What should be copied is the stretch of entries below from the line with "Used 15 16 17" up to and including the line with "HERMES EVELYNE BAG", exactly and without images.

__Records supplied__

____

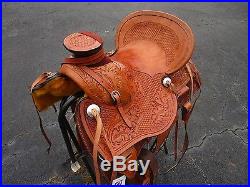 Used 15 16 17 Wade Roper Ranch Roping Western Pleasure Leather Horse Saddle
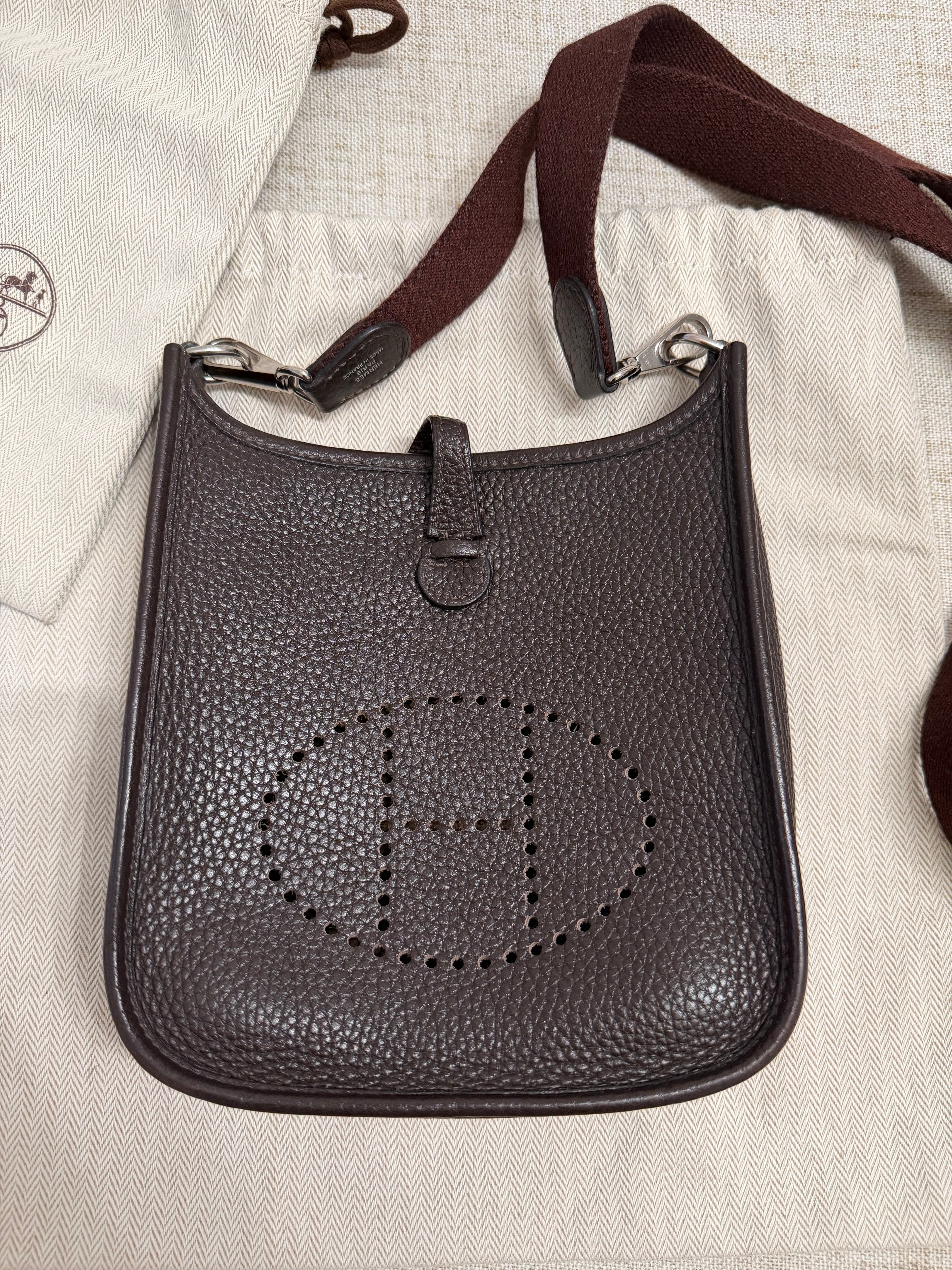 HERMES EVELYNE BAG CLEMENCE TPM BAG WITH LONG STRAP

____

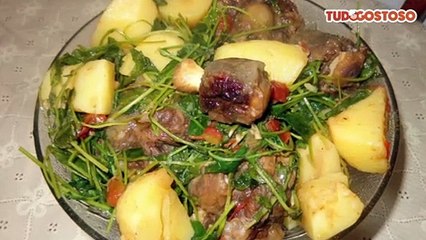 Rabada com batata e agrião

____

__Answer section__
 Used 15 16 17 Wade Roper Ranch Roping Western Pleasure Leather Horse Saddle
 HERMES EVELYNE BAG CLEMENCE TPM BAG WITH LONG STRAP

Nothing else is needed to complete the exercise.